**EXERCISE BRIEF:**
Print only the closing part of the entries. It starts at the line containing "Grab my flashlight" and includes the final line, exactly as written.

[Data entries]
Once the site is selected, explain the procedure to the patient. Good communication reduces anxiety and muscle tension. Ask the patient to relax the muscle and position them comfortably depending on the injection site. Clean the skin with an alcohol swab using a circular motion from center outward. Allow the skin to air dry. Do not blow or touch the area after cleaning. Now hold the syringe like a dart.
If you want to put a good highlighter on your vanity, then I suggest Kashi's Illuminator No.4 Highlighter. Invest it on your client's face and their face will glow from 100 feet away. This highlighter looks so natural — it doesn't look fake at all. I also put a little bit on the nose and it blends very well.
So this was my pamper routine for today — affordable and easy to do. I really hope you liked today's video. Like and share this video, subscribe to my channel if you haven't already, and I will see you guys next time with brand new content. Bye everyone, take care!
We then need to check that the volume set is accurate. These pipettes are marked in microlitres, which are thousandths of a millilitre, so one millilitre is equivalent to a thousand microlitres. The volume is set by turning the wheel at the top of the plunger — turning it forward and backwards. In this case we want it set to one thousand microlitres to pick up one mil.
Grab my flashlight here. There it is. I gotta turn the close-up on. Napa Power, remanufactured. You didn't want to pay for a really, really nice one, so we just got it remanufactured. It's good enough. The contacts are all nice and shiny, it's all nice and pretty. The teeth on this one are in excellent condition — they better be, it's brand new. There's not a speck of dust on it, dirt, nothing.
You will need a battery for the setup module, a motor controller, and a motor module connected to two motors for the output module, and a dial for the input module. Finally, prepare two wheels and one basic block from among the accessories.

**RESULT:**
Grab my flashlight here. There it is. I gotta turn the close-up on. Napa Power, remanufactured. You didn't want to pay for a really, really nice one, so we just got it remanufactured. It's good enough. The contacts are all nice and shiny, it's all nice and pretty. The teeth on this one are in excellent condition — they better be, it's brand new. There's not a speck of dust on it, dirt, nothing.
You will need a battery for the setup module, a motor controller, and a motor module connected to two motors for the output module, and a dial for the input module. Finally, prepare two wheels and one basic block from among the accessories.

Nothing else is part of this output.